╭─ Data
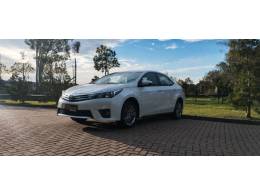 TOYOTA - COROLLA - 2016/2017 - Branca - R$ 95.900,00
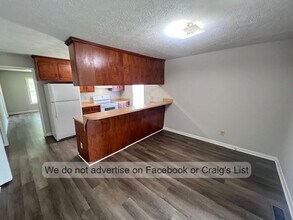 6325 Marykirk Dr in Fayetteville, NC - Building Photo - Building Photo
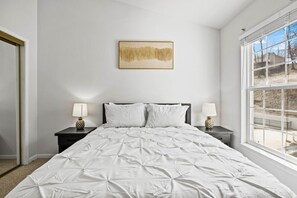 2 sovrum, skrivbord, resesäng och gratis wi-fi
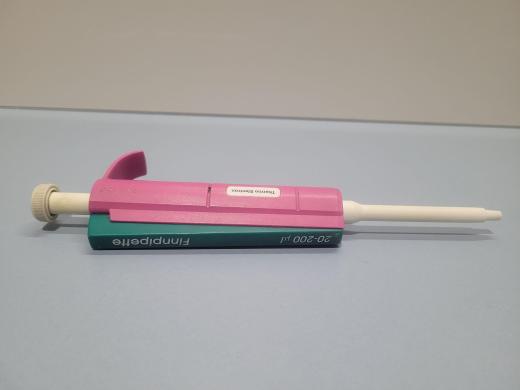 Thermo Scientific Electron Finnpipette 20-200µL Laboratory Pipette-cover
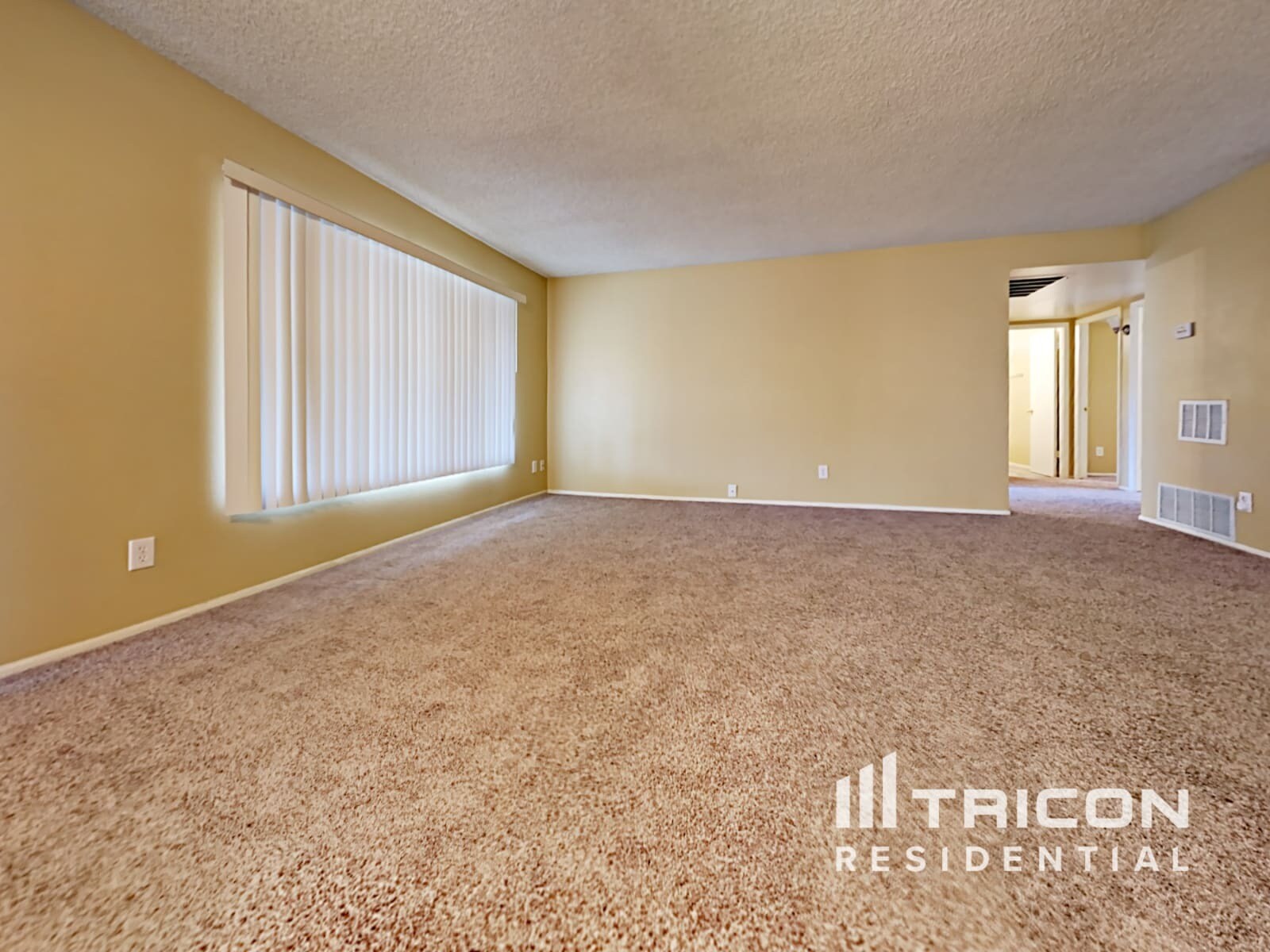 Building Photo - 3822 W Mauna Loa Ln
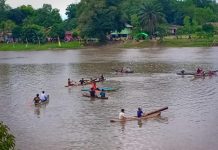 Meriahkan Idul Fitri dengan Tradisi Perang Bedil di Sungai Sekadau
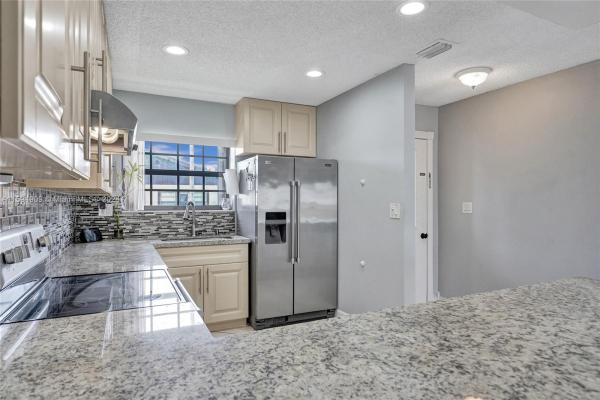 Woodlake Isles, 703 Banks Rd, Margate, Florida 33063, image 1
╰─
╭─ Data
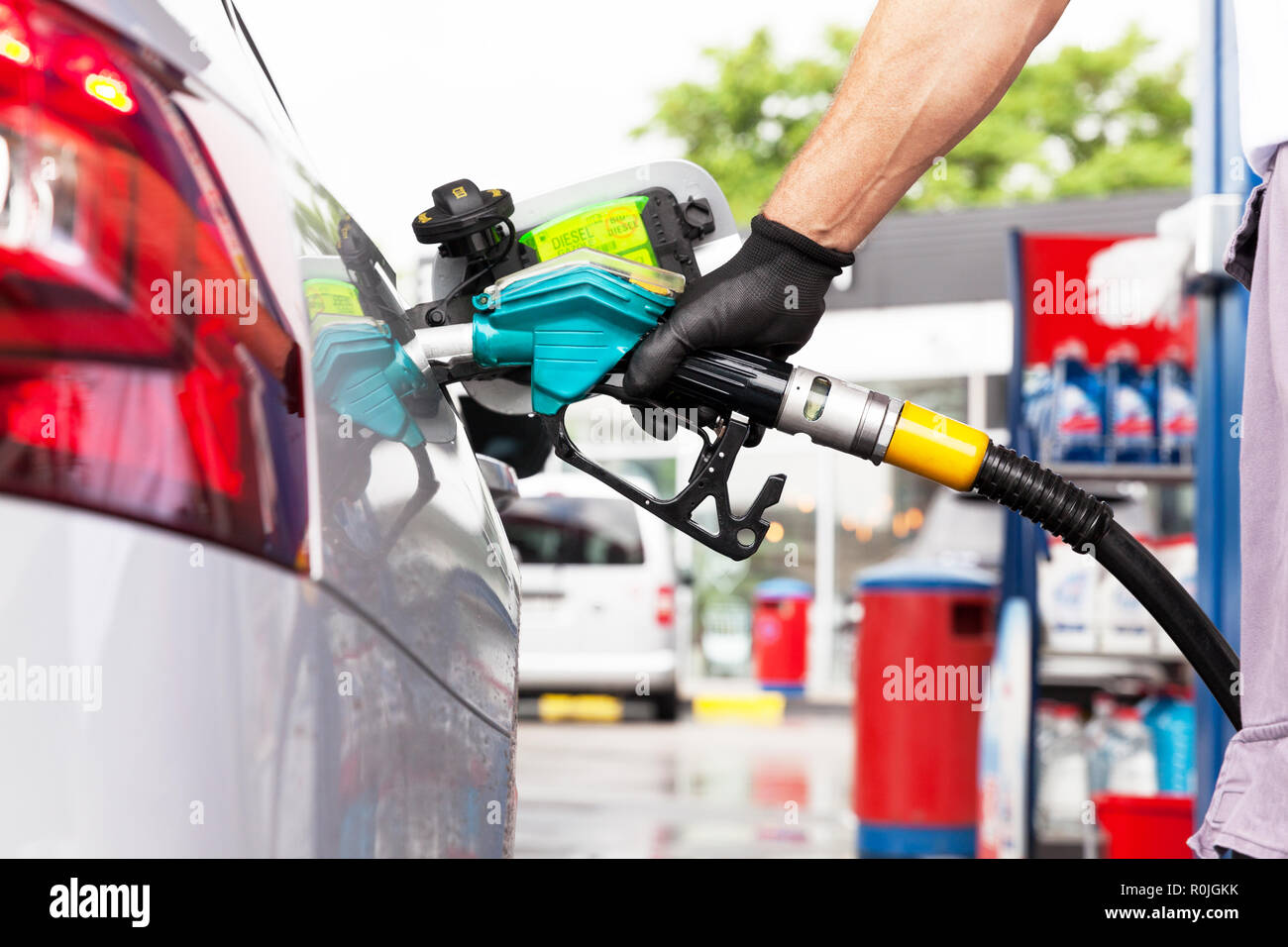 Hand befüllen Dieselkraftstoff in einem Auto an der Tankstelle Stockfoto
╰─
╭─ Data
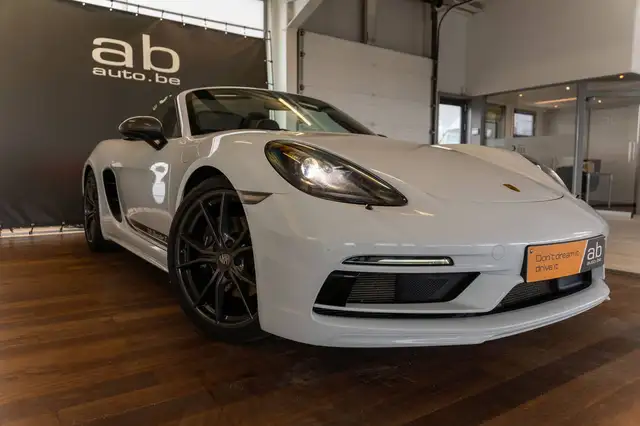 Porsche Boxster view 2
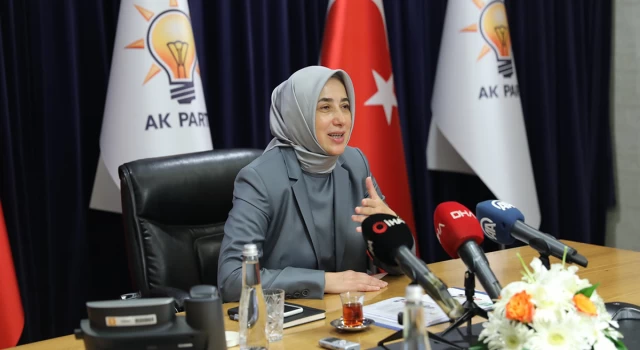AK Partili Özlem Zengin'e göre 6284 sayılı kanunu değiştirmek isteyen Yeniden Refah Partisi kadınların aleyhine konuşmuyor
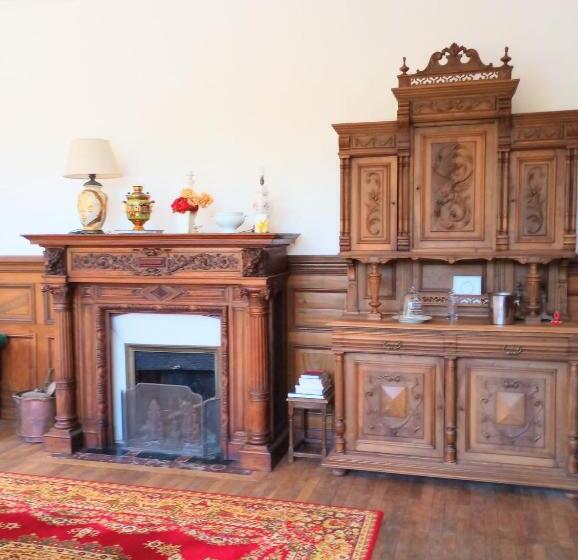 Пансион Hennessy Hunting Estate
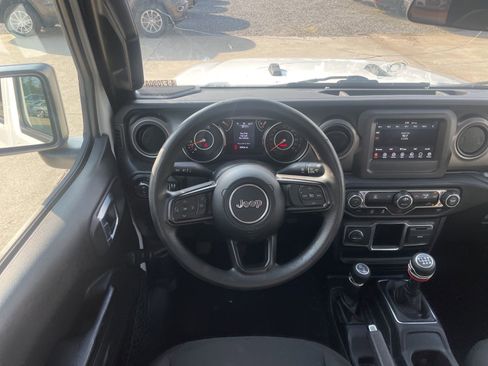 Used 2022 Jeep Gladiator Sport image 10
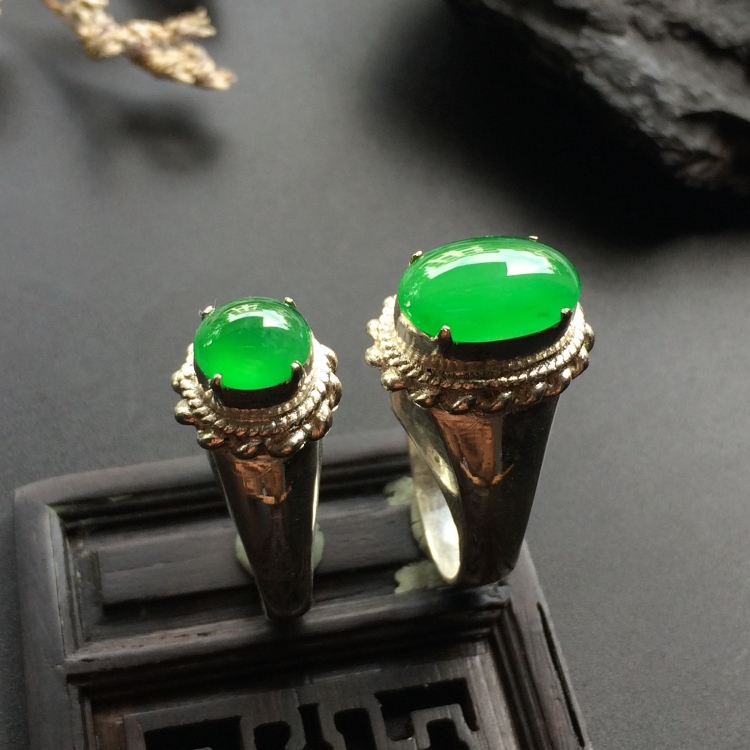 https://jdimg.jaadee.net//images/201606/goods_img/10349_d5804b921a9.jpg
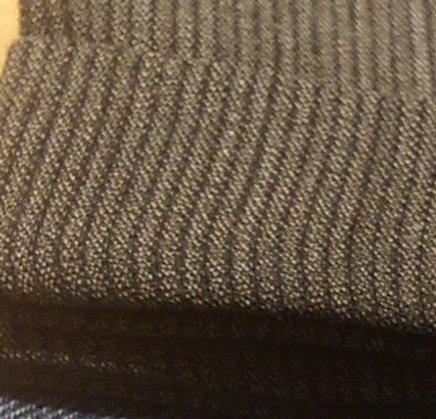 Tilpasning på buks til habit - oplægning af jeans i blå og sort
╰─
Prompt:
The answer should consist only of the lines above from the one with "TOYOTA - COROLLA" through the one with "Woodlake Isles, 703", repeated exactly, with no pictures among them.

Solution:
 TOYOTA - COROLLA - 2016/2017 - Branca - R$ 95.900,00
 6325 Marykirk Dr in Fayetteville, NC - Building Photo - Building Photo
 2 sovrum, skrivbord, resesäng och gratis wi-fi
 Thermo Scientific Electron Finnpipette 20-200µL Laboratory Pipette-cover
 Building Photo - 3822 W Mauna Loa Ln
 Meriahkan Idul Fitri dengan Tradisi Perang Bedil di Sungai Sekadau
 Woodlake Isles, 703 Banks Rd, Margate, Florida 33063, image 1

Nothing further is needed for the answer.